Look below for the line holding "Chef in a commercial" and the line holding "Ahşap mutfak tezgahına". Repeat those two and everything between, exactly.

§ Input material:
────────

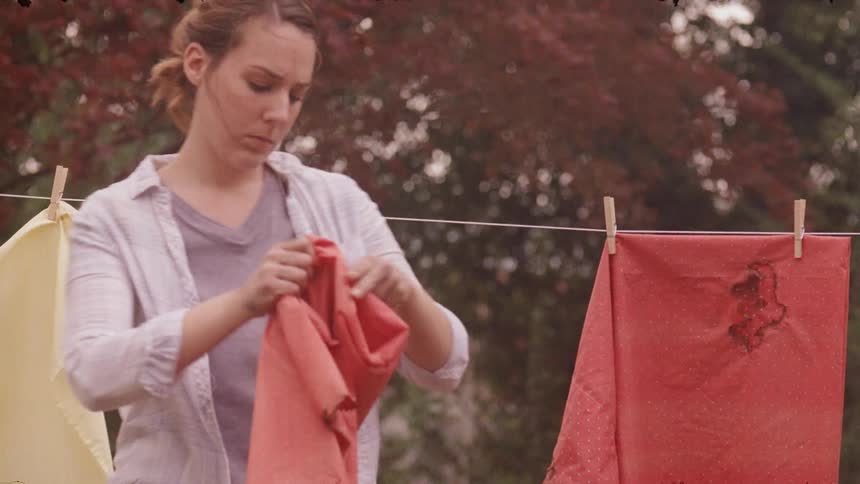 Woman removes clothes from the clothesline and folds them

────────

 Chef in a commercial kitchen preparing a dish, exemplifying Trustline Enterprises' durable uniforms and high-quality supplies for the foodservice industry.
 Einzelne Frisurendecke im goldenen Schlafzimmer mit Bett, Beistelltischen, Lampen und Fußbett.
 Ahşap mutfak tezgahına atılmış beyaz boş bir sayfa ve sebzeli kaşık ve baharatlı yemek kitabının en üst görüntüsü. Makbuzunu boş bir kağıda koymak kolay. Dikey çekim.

────────

§ Result of this exercise:
 Chef in a commercial kitchen preparing a dish, exemplifying Trustline Enterprises' durable uniforms and high-quality supplies for the foodservice industry.
 Einzelne Frisurendecke im goldenen Schlafzimmer mit Bett, Beistelltischen, Lampen und Fußbett.
 Ahşap mutfak tezgahına atılmış beyaz boş bir sayfa ve sebzeli kaşık ve baharatlı yemek kitabının en üst görüntüsü. Makbuzunu boş bir kağıda koymak kolay. Dikey çekim.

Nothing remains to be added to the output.